We talk to TDK Awards 16′ winner, Hope Lumsden-Barry, about trying as many different things as possible while studying, taking care of your mental health, and memorising every national flag at age 6 (impressive!).
What are some of your earliest creative memories and what lead you into design? Apparently, when I was five, I wanted to be a teacher by day, and an opera singer by night. Around age 12, I truly believed that I was destined to become a fashion designer. For most of my adolescence, I wanted to be a filmmaker. At the same time, I was constantly making little flyers, posters, and magazines. When I was about 6, I memorised almost every national flag. I used to submit my primary school homework with dark grey text (as opposed to black), with Century Gothic for headings and Century Schoolbook for body text. I would read typography blogs in my spare time in highschool. And somehow, it never occurred to me that I should do graphic design. I actually decided to do Communication Design at RMIT on a whim. I applied at the last minute. It wasn’t until my third year that I realised that this is what I should be doing.
What are your three must-read design books/blogs/podcasts and why? The Elements of Typographic Style by Robert Bringhurst has to be my absolute, number-one, most essential design book. It’s endlessly useful, informative, and in addition to that, a pretty decent read, too. A blog that I’m reading at the moment is McMansion Hell; an enjoyably angry and informative architecture blog about bad, supersized houses and the history that (doesn’t) inform them. Design Matters with Debbie Millman is a must-listen podcast. Millman is an amazing interviewer, who asks interesting and difficult questions that draw out fascinating, sometimes poignant answers from her interviewees.
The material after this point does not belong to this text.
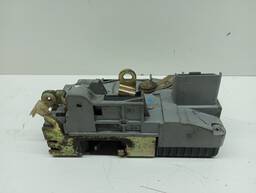 FECHADURA PORTA DIANTEIRA DIREITA CITRIEN C5 2001 2002 A 05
It’s both insightful and emotionally resonant.
What has been some of the biggest lessons you’ve learnt along the way? 1. No matter how much time you have, you’ll inevitably use it all, in order to do the best work you can. However, drawing things out can be painful and unproductive. Deadlines sometimes need to be renegotiated, usually due to life’s other obligations. If that’s not the case, always aim for before your deadline – it will make your life a lot easier.
2. Try as many different things as possible. When I first started uni, I had no interest in pursuing publication design. If you look at my folio now, it’s all print work – and that includes client work. (As a result, it’s now my New Year’s Resolution to do more digital work!)
3. Take care of yourself physically. I ended up with a pretty serious shoulder injury from poor posture at the computer, which was causing bad wrist pain. It can be managed with stretches and trips to the physio, but I now have to use a mouse with my left hand!
4. Take care of yourself mentally, too. I’m used to working long hours for long periods of time, but I overestimated myself during my Honours year, and learnt about burnout the hard way. At the peak of my productivity, I could write over 2,000 words per day. At the worst point, I wrote a measly 650 words in one week.
5. Get as many people as possible to proofread the document you’re about to send off to print. Then proofread it a few more times. Alternatively, learn to come to terms with typos.
Where do you think design is heading in the next five years and how will you adapt? I think that design is moving towards a dematerialised future. We can see this with the recent rise of service design and user experience design. Designers will be ever-increasingly hired for the way that they think and solve problems, rather than the products they can make. Many areas of design are being incrementally automated; a lot of small business owners would rather pay for Squarespace than a web designer. That being said, in 5 years time, I believe that we will still need posters, menus, cereal boxes, and wayfinding. But, there may come a point in time when the only people who want business cards are designers themselves. I’m trying to focus on expanding my abilities as much as possible, with a particular focus on design research and development skills, incase nobody wants to pay a human for graphics anymore.